> _What the task requires_
Which lines hold the string "little"? Copy each of them from the material below.

> _Extracted records_
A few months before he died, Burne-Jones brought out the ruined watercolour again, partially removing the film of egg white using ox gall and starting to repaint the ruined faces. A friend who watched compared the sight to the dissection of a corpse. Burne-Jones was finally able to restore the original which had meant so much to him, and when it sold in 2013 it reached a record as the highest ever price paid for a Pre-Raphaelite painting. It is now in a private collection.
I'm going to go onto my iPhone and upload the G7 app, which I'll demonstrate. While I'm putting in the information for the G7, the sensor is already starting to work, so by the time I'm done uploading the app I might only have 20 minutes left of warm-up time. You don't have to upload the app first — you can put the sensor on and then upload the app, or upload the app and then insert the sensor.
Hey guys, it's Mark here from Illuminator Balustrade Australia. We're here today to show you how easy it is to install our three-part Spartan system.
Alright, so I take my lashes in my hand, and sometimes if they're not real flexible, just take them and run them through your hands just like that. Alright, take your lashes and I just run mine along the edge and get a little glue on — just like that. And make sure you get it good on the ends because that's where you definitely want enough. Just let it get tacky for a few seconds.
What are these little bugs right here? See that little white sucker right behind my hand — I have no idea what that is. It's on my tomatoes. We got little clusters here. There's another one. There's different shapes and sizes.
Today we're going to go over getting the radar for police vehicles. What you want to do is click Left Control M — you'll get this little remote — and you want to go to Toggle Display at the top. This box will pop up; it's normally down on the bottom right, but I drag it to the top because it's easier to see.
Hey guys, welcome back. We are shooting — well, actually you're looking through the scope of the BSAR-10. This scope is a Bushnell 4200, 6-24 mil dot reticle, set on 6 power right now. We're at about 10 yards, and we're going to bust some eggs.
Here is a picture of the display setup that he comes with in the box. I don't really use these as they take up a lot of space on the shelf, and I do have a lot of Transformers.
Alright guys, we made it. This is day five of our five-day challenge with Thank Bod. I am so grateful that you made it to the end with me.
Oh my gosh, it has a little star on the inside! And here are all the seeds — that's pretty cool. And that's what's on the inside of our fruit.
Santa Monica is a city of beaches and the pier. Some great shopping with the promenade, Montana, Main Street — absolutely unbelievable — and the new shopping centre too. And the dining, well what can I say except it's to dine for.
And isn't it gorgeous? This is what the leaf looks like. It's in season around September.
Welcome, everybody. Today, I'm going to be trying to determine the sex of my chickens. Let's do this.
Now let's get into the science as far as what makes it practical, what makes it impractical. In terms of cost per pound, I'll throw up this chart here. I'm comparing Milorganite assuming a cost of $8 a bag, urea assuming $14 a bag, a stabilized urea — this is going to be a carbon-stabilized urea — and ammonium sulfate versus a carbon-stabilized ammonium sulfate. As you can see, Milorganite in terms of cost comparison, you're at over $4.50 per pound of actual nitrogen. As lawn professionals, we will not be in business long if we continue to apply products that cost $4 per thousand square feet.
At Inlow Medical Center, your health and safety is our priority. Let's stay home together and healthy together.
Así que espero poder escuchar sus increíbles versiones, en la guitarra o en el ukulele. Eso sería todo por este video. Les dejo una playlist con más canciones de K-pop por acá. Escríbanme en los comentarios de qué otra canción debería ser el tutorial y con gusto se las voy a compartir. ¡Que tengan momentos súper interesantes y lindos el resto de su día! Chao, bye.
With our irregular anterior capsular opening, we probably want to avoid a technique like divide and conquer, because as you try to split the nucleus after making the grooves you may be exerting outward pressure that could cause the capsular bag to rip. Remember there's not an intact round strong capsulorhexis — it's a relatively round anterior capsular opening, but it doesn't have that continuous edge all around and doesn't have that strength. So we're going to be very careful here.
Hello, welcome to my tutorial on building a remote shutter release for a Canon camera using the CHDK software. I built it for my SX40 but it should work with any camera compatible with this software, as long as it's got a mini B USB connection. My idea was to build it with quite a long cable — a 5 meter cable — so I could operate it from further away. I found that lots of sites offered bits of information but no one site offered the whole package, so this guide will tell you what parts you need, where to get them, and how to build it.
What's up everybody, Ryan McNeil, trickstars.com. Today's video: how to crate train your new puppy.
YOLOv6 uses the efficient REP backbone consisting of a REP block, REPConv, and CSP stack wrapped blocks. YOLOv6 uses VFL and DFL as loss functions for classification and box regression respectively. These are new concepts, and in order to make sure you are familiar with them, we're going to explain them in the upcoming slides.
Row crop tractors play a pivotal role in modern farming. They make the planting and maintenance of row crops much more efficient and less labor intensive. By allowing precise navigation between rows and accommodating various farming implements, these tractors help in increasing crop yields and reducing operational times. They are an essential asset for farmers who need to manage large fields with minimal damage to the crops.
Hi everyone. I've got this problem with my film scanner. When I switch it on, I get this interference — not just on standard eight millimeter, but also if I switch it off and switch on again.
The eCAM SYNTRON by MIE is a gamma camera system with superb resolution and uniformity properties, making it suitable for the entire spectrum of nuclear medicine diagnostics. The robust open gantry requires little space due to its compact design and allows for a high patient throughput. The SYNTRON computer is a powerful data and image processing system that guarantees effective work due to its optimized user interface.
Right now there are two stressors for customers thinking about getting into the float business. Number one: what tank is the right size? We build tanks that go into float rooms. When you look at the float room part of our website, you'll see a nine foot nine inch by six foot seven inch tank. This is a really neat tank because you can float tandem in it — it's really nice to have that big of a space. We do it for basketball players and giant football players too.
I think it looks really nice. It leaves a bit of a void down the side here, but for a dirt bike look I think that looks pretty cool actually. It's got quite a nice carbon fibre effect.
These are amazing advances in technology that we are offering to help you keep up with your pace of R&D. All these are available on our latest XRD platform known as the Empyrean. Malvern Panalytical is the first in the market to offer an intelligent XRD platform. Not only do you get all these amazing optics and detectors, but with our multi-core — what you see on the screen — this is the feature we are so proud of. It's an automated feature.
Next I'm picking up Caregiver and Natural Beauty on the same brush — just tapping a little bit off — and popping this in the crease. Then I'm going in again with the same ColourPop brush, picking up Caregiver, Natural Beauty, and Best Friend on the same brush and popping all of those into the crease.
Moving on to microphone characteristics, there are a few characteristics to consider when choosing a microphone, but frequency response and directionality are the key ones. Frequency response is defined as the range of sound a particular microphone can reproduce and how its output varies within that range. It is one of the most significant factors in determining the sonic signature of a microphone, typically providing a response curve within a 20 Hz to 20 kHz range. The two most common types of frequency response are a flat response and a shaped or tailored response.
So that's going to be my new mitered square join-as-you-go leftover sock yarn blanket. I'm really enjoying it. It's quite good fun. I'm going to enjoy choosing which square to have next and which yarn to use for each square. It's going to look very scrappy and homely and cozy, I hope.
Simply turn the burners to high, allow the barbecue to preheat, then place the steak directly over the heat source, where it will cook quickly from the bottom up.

> _Final answer_
Alright, so I take my lashes in my hand, and sometimes if they're not real flexible, just take them and run them through your hands just like that. Alright, take your lashes and I just run mine along the edge and get a little glue on — just like that. And make sure you get it good on the ends because that's where you definitely want enough. Just let it get tacky for a few seconds.
What are these little bugs right here? See that little white sucker right behind my hand — I have no idea what that is. It's on my tomatoes. We got little clusters here. There's another one. There's different shapes and sizes.
Today we're going to go over getting the radar for police vehicles. What you want to do is click Left Control M — you'll get this little remote — and you want to go to Toggle Display at the top. This box will pop up; it's normally down on the bottom right, but I drag it to the top because it's easier to see.
Oh my gosh, it has a little star on the inside! And here are all the seeds — that's pretty cool. And that's what's on the inside of our fruit.
The eCAM SYNTRON by MIE is a gamma camera system with superb resolution and uniformity properties, making it suitable for the entire spectrum of nuclear medicine diagnostics. The robust open gantry requires little space due to its compact design and allows for a high patient throughput. The SYNTRON computer is a powerful data and image processing system that guarantees effective work due to its optimized user interface.
Next I'm picking up Caregiver and Natural Beauty on the same brush — just tapping a little bit off — and popping this in the crease. Then I'm going in again with the same ColourPop brush, picking up Caregiver, Natural Beauty, and Best Friend on the same brush and popping all of those into the crease.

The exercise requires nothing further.